Let's talk about Texas. Aside from the fact that I see the whole landcape of America, like most citizens of this country, like a fairy tale land of contrasting themes, rather than a gradual shift in culture; I thought it was going to be different. Yes, my friends laugh at (with?) me when I tell them that I thought I was going to see sand and armed horsemen THE SECOND we crossed the border into Texas. But nooo, not at all, Louisiana just kept going. So that made it even odder, stranger, that the geography of Louisiana (and wetter I must say) would be clashed with the righteous dogma of GOP Texas along with a repugnant dose of reluctant Hispanics that long ago relinquished the squiggly lines over the n's.
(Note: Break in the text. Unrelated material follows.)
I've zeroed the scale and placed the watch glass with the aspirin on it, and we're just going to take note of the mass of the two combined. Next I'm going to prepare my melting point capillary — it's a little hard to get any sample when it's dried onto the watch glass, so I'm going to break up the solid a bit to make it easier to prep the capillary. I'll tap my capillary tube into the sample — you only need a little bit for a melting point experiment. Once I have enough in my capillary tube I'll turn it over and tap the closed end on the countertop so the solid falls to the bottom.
For me Houston had no center, no soul, at least none that I could see thrown into your face like New Orleans, New York, or even Miami (if you don't know Spanish your face gets even more exposed). Nothing but highways, strip malls, and people on cell phones. Business, business, business but how do you enjoy it?

So that is what I think of when I wake here, when I think about moving. Great places need great people. And the only place you find that in unison, in agreement, in a delicately balanced cocktail, is New Orleans.


Sunday, July 15, 2007

Pearl Vodka

At Casey Jones, the very local supermarket, today I discovered a new vodka. It has the four characteristics that you need for a good vodka. Smooth, little bite, cheap, and made in a country that is cold. In this case it Pearl Vodka, made in Canada, nice bottle, less bite than the great Belvedere. This stuff is smoother and thicker than Grey Goose (which to me tastes like perfume). Since I heard that all Grey Goose does is buy cheap Vodka and put it through a distilling process, I don't even buy it as a gift.
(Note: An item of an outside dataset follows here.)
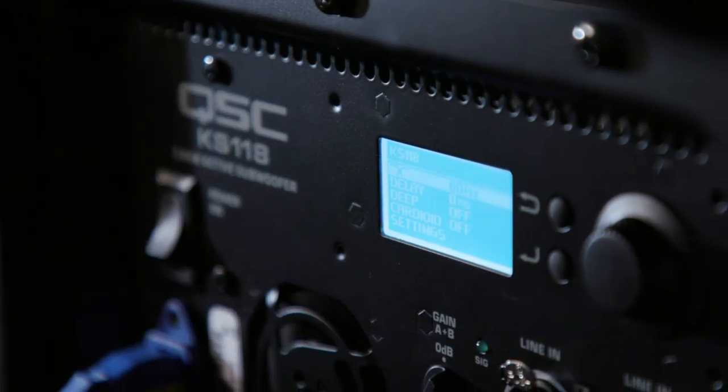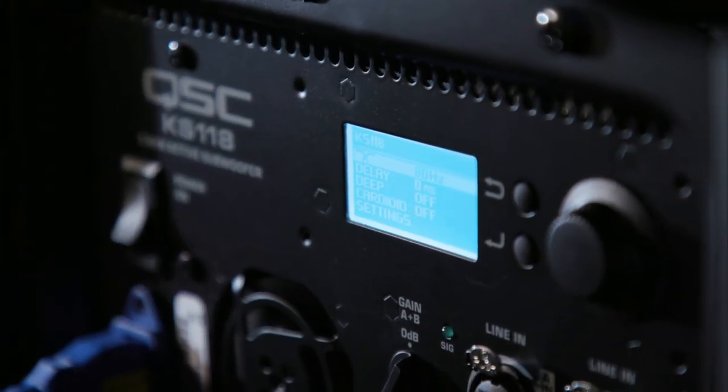The versatility of the KS118 really comes into play when you have multiple units. You can configure these in several different ways — stacked on top of each other, interlocked, placed horizontally, vertically, side by side, or one behind the other. You can array those either as an omnidirectional system, or by using the settings on the back panel you can configure them for a cardioid pattern. This is a heart-shaped pattern that directs the low frequency energy forward out into the audience. It reduces the problems you can have with the buildup of low frequency on stage and leakage into microphones, really getting the energy out into the audience where you want it.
Took this wonderful Vodka, drinking it down as I made Gazpacho (little did I know that you had to seed the tomatoes and strain the goop- but its all a learning process anyway), and went to Gretna's greenspace and sat there drinking and grilling. Lovely day, good friends, lots of sun, and I entertained myself watching my friends try out an impossible boomerang. A little bit of olives and I was set. It feels so good to find something new, something that is made well and they do not charge too much for.

Ah, Vodka, the only liquor that is judged by how little of it you can taste!

Which brings me to another point and I invite anyone to comment on this. I heard various people say various things, but is it clear or dark liquor that is worse for you. Yes, I know they are both bad, but one of them, really wipes your guts (liver) out. Anyone have any idea, and since I am asking, anyone have a source?